Wir tun uns sogar beim Laufen auf der steilen Straße schwer. Oben am MONTE CARPEGNA auf 1 415 Meter pfeift der Wind über die Hochfläche. Der Blick reicht über SAN MARINO bis zur ADRIA. Der Skilift hat mangels Kunstschnee die Saison bereits beendet.

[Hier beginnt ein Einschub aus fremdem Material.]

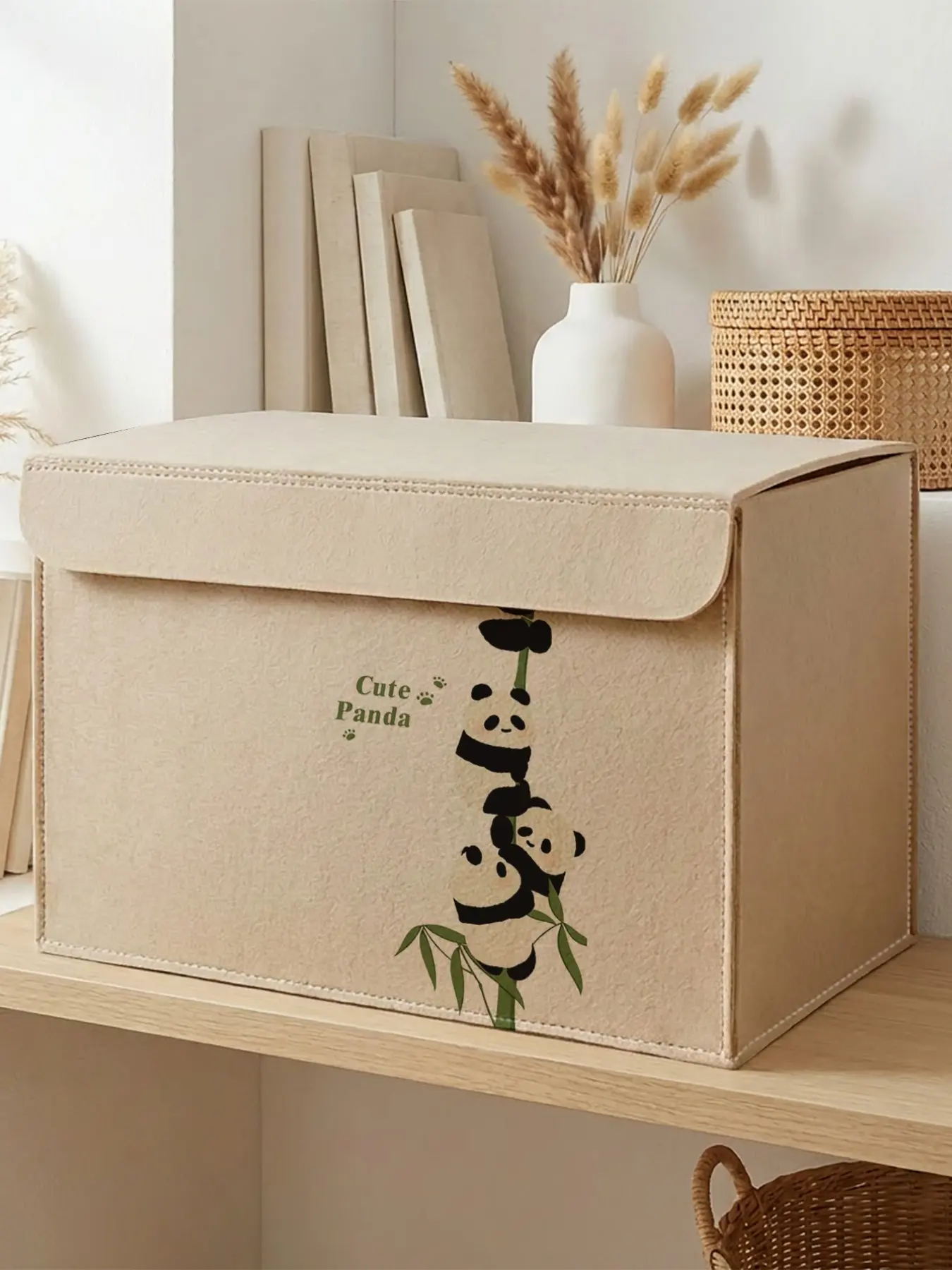 Panda Pattern Storage Box, 2D Print Felt Texture, Lids Included, Ideal for Clothes Snacks Files, Perfect for Renters Students Moms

Eigentlich wollten wir uns die Kunstwerke in PENNABILLI noch anschauen. Doch der schwarze Himmel, Regenschauer und ein unfreundlicher kalter Wind halten uns im Dicken. So fahren wir nach der Mittagspause weiter und finden beim Friedhof von SAN LEO einen windigen Platz mit Blick auf den mächtigen Felsen und der imposanten Burg. Der Himmel befreit sich langsam von den Wolken, die mit rasender Geschwindigkeit über das Firmament ziehen. Am Morgen sehen wir kaum die Hand vor unseren Augen. Es ist kalt, nebelig und windig. Wir umrunden den Berg mit dem gewaltigen Felssturz, der wohl erst in jüngster  Zeit abging.

Wir drücken auf’s Gas und finden uns am Nachmittag unter einem blauen Himmel in CAORLE wieder, am Horizont leuchten die weißen Spitzen der Alpen.